**What to do:** The exact lines of the listing, from its first through the line that contains "Ellery Crew Neck Long Sleeve Crop Top", are to make up the answer, and pictures are to be left out.

__________

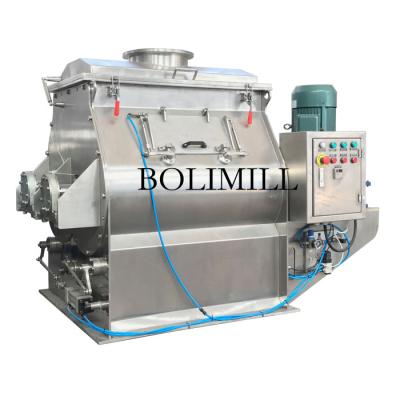 Industrial Ribbon Powder Mixer 300L Capacity 4-22kw Motor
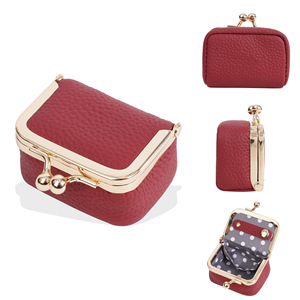 Nouvelle pochette à monnaie pour femme en cuir véritable avec fermeture éclair, faite à la main - Product Image 3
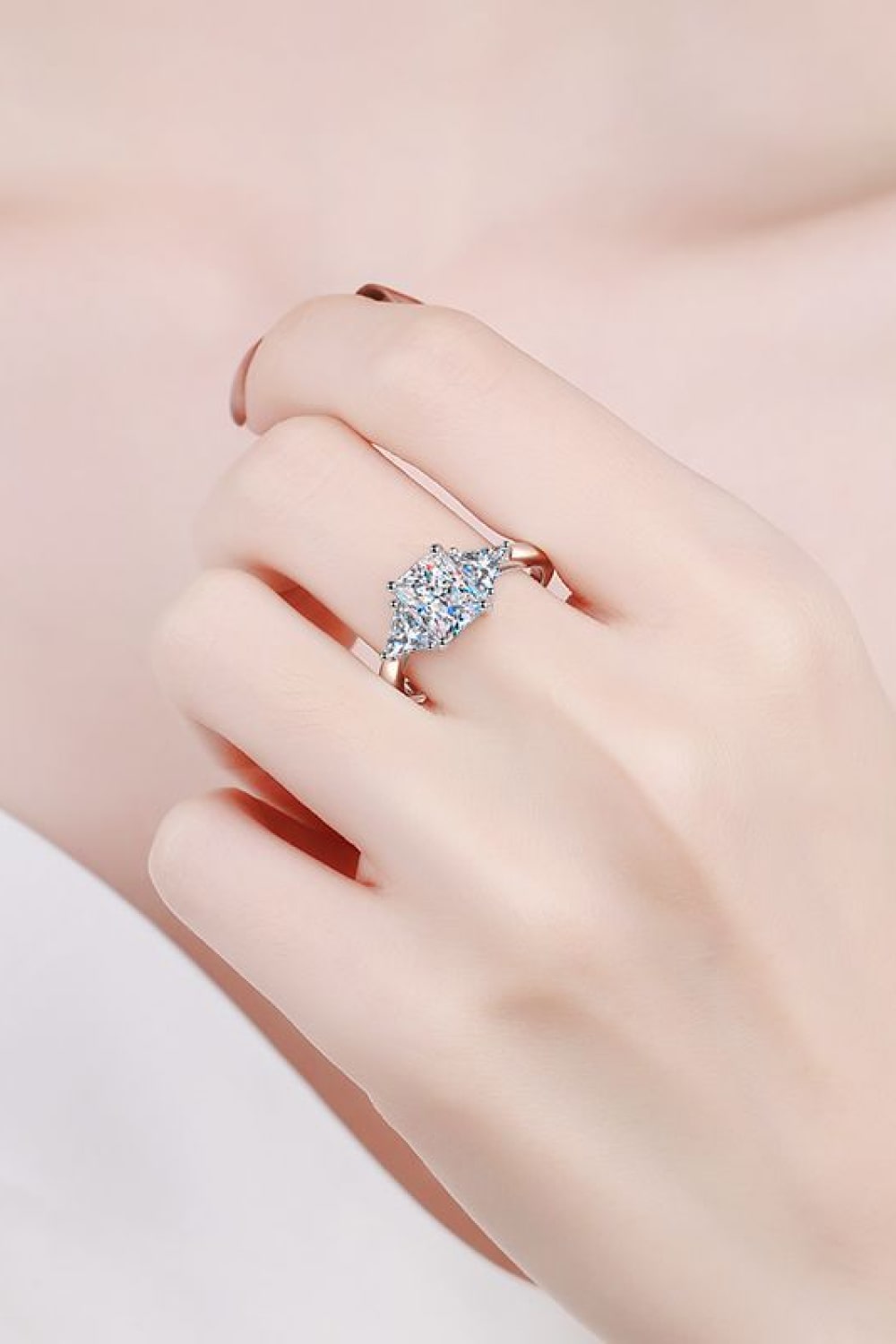 3 Carat Moissanite 925 Sterling Silver Rhodium-Plated Ring - Shah S. Sahota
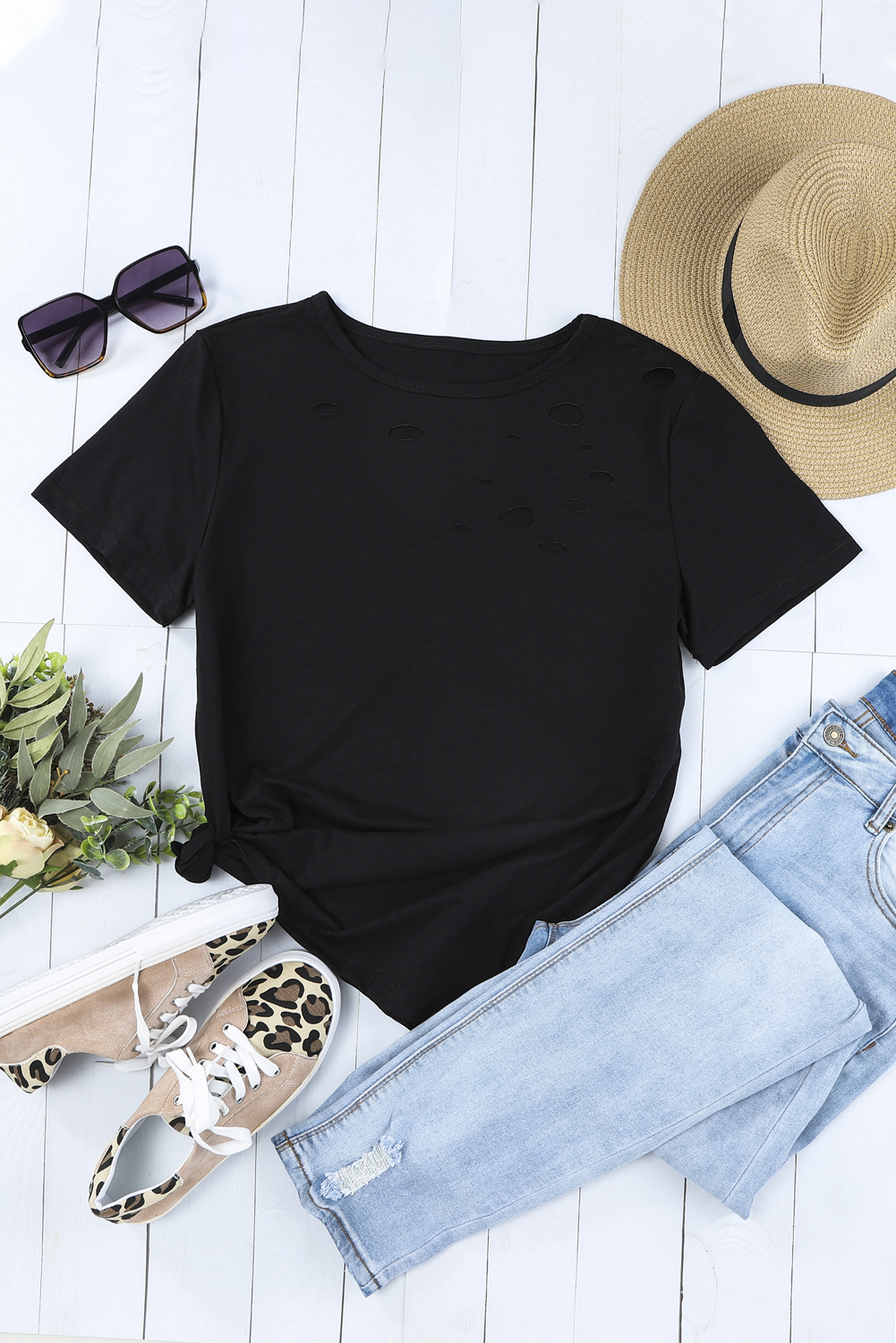 Pink Tie Dye Short Sleeve Crew Neck T Shirt Customized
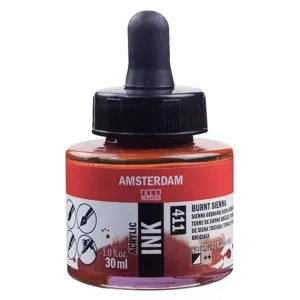 Amsterdam Acrylic Inks 30ml - Burnt Sienna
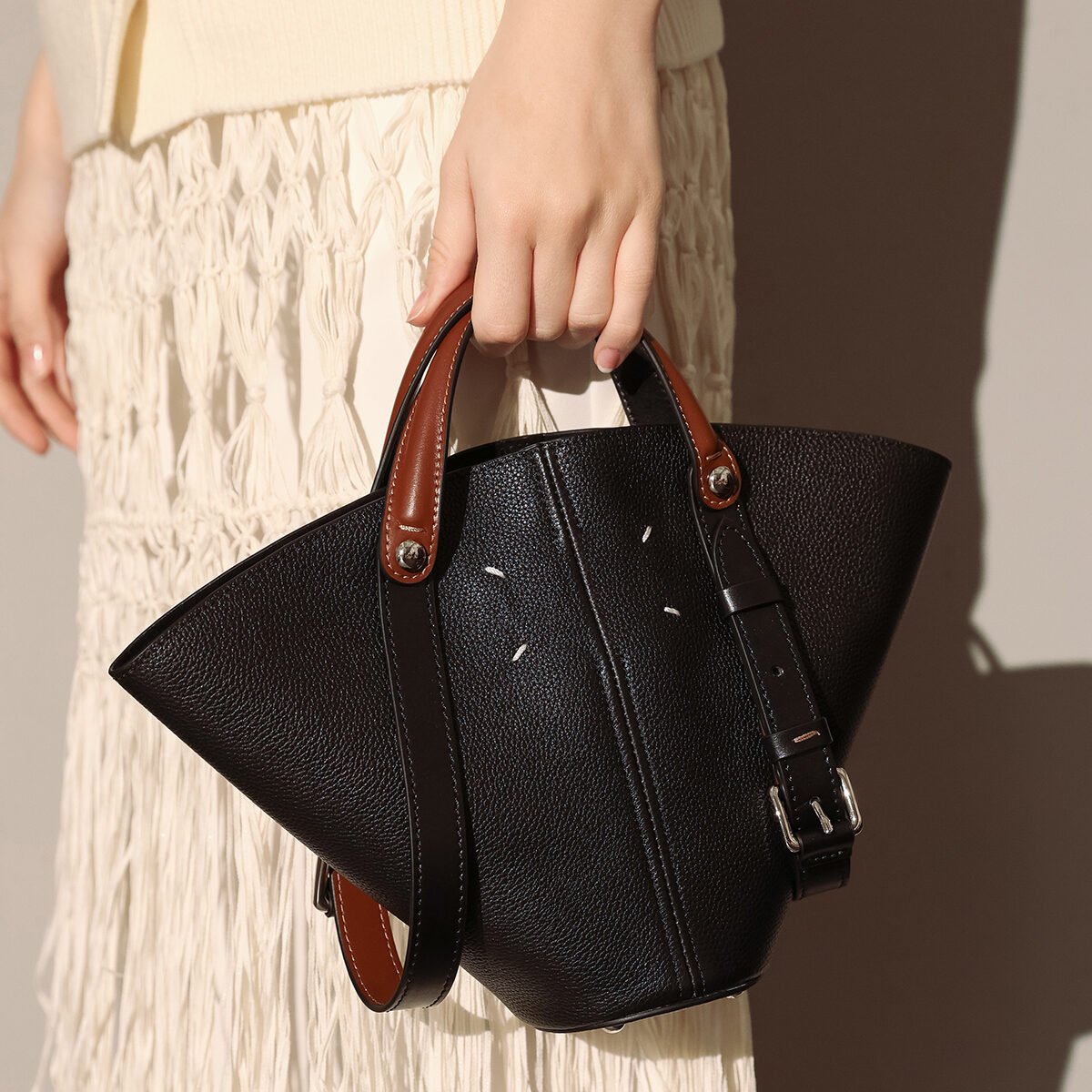 Taormina Trapezoid Top Handle Bag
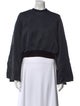 Ellery Crew Neck Long Sleeve Crop Top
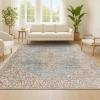 JONATHAN Y Lila Modern Tribal Medallion Light Blue/Ivory Indoor Area Rug, 3×5, Transitional, Traditional, Easy-Cleaning for Living Room, Bedroom, Kitchen, Pet Friendly, Non-Shedding (MDP306B-3)(Blue)
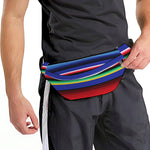 Tribal Mexican Serape Pattern Print Fanny Pack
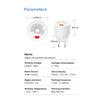 WIFI/zigbee Natural Gas Sensor Combustible Household Smart LPG Gas Alarm Detector Leakage Sensor Fire Safety Work with Tuya App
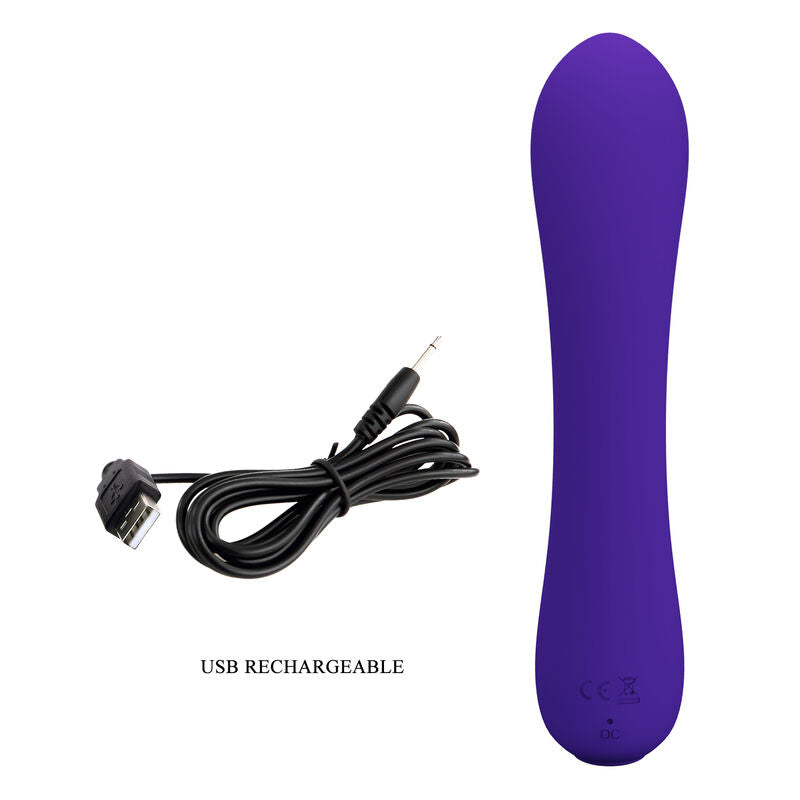 PRETTY LOVE - PRESCOTT RECHARGEABLE VIBRATOR PURPLE - NOCTURNA DESIRES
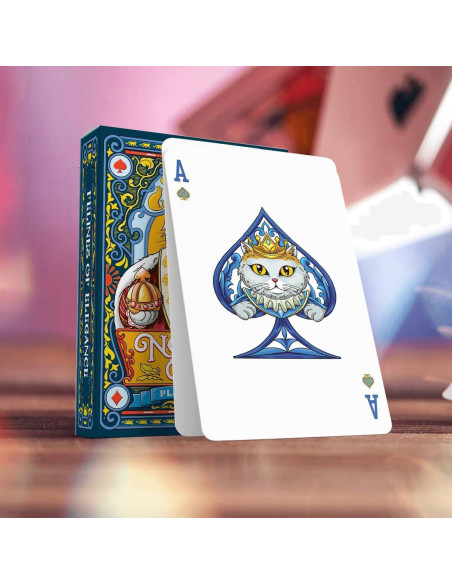 Baraja de Cartas Noblific Gatos 54 Piezas para Adultos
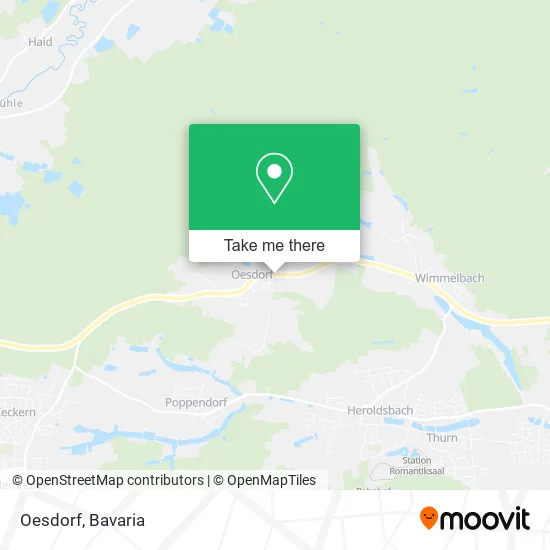 Oesdorf map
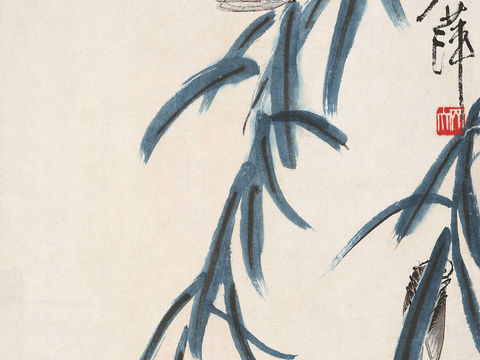  齐白石写意水墨画，近现代水墨画213 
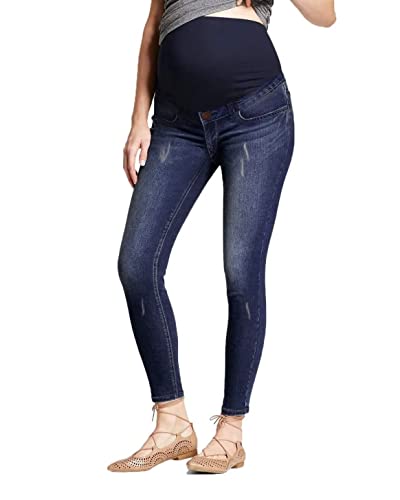 Hybrid Maternity Damen Super Comfy Ultra Stretch Skinny Jeans, Pm5471grsk-darkwash, X-Groß von Hybrid & Company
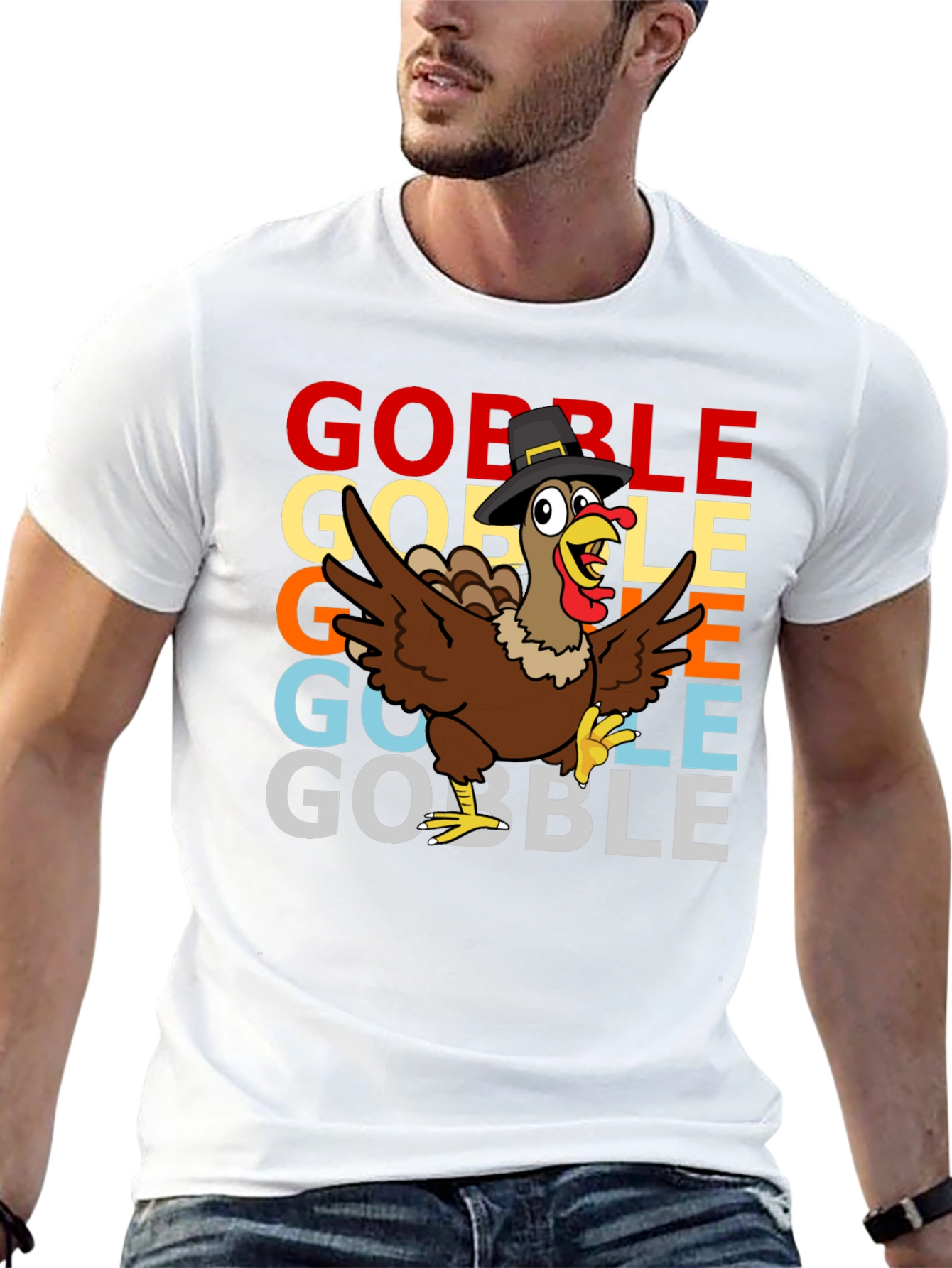 Funny Thanksgiving Turkey Gobble T-Shirt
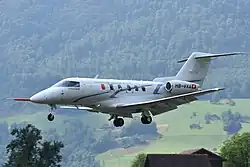 PC-24 kommt vom Testflug zurück nach Stans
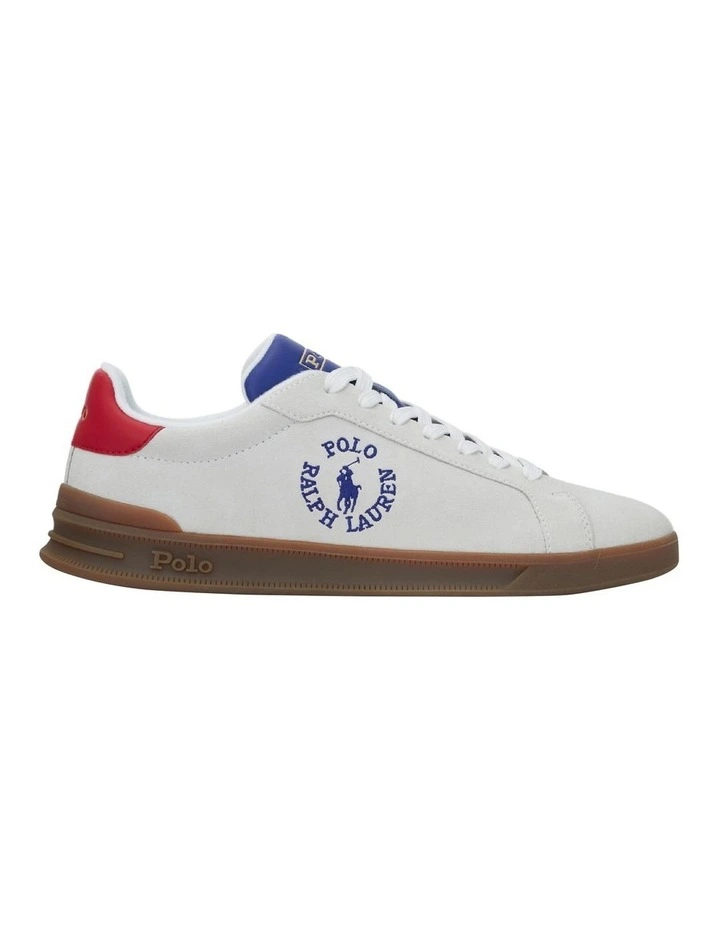 Heritage Court II Suede Sneaker in White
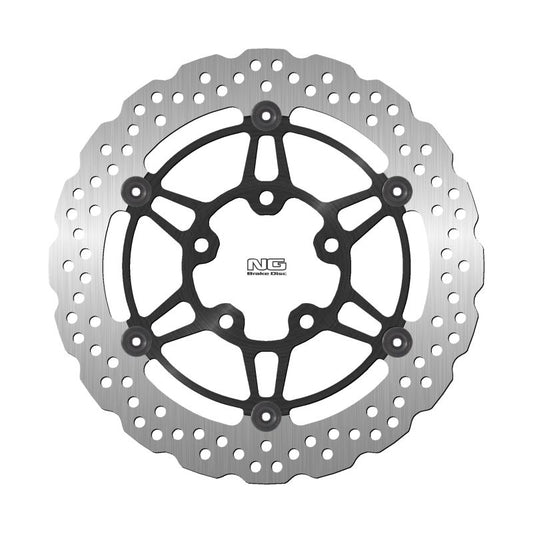 Brake disc (rotor) front SUZUKI GSF 650 BANDIT / GSX 750F '04-'06, SV 650 '03-'15, VL 1500 INTRUDER M '08-'10, VLR 1800 INTRUDER '08-'11 (290X69X4,5MM) (5X10,25MM) WAVE Floating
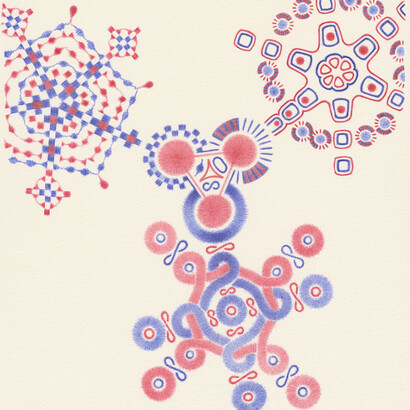 Indra's Net. Courtesy of Kathryn Markel Fine Arts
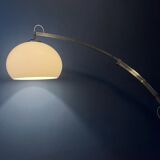 Vintage space age arc floor lamp in style of Guzzini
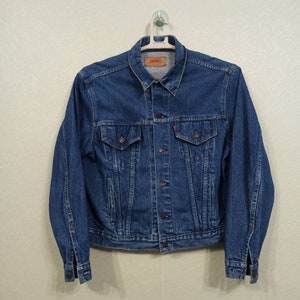 Vintage 80's Levi's Trucker Denim Jacket 70506-0216 - Etsy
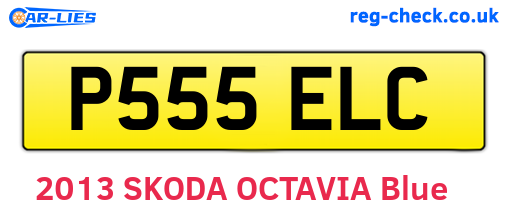 P555ELC are the vehicle registration plates.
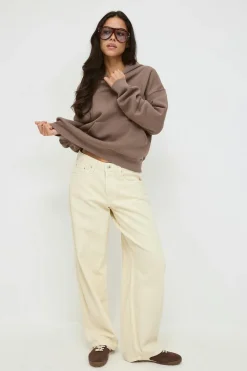 Gina Tricot Iconic hoodie Beige Outlet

__________

**Solved problem:**
 Industrial Ribbon Powder Mixer 300L Capacity 4-22kw Motor
 Nouvelle pochette à monnaie pour femme en cuir véritable avec fermeture éclair, faite à la main - Product Image 3
 3 Carat Moissanite 925 Sterling Silver Rhodium-Plated Ring - Shah S. Sahota
 Pink Tie Dye Short Sleeve Crew Neck T Shirt Customized
 Amsterdam Acrylic Inks 30ml - Burnt Sienna
 Taormina Trapezoid Top Handle Bag
 Ellery Crew Neck Long Sleeve Crop Top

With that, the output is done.